* [Work request] Only the lines from the one that contains "USS Ronald Reagan" through the final line of the entries should be repeated, exactly as written.
Data for this task below:
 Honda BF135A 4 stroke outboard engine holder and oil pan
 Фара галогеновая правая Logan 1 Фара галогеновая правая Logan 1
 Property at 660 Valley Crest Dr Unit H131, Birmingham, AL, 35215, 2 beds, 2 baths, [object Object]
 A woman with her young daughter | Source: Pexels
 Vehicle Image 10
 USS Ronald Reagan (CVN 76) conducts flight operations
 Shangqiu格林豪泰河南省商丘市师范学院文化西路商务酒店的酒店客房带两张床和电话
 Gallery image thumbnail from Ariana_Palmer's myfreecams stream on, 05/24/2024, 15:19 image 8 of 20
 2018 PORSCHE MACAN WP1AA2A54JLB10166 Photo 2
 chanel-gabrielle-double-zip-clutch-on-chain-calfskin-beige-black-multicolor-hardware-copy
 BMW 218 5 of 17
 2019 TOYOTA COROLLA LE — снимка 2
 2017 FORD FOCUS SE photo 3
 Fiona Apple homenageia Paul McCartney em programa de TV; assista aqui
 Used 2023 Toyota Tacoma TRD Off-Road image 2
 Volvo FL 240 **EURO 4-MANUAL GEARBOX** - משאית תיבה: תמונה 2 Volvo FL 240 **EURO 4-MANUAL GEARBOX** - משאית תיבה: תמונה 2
End of Data for this task.
* [Result]
 USS Ronald Reagan (CVN 76) conducts flight operations
 Shangqiu格林豪泰河南省商丘市师范学院文化西路商务酒店的酒店客房带两张床和电话
 Gallery image thumbnail from Ariana_Palmer's myfreecams stream on, 05/24/2024, 15:19 image 8 of 20
 2018 PORSCHE MACAN WP1AA2A54JLB10166 Photo 2
 chanel-gabrielle-double-zip-clutch-on-chain-calfskin-beige-black-multicolor-hardware-copy
 BMW 218 5 of 17
 2019 TOYOTA COROLLA LE — снимка 2
 2017 FORD FOCUS SE photo 3
 Fiona Apple homenageia Paul McCartney em programa de TV; assista aqui
 Used 2023 Toyota Tacoma TRD Off-Road image 2
 Volvo FL 240 **EURO 4-MANUAL GEARBOX** - משאית תיבה: תמונה 2 Volvo FL 240 **EURO 4-MANUAL GEARBOX** - משאית תיבה: תמונה 2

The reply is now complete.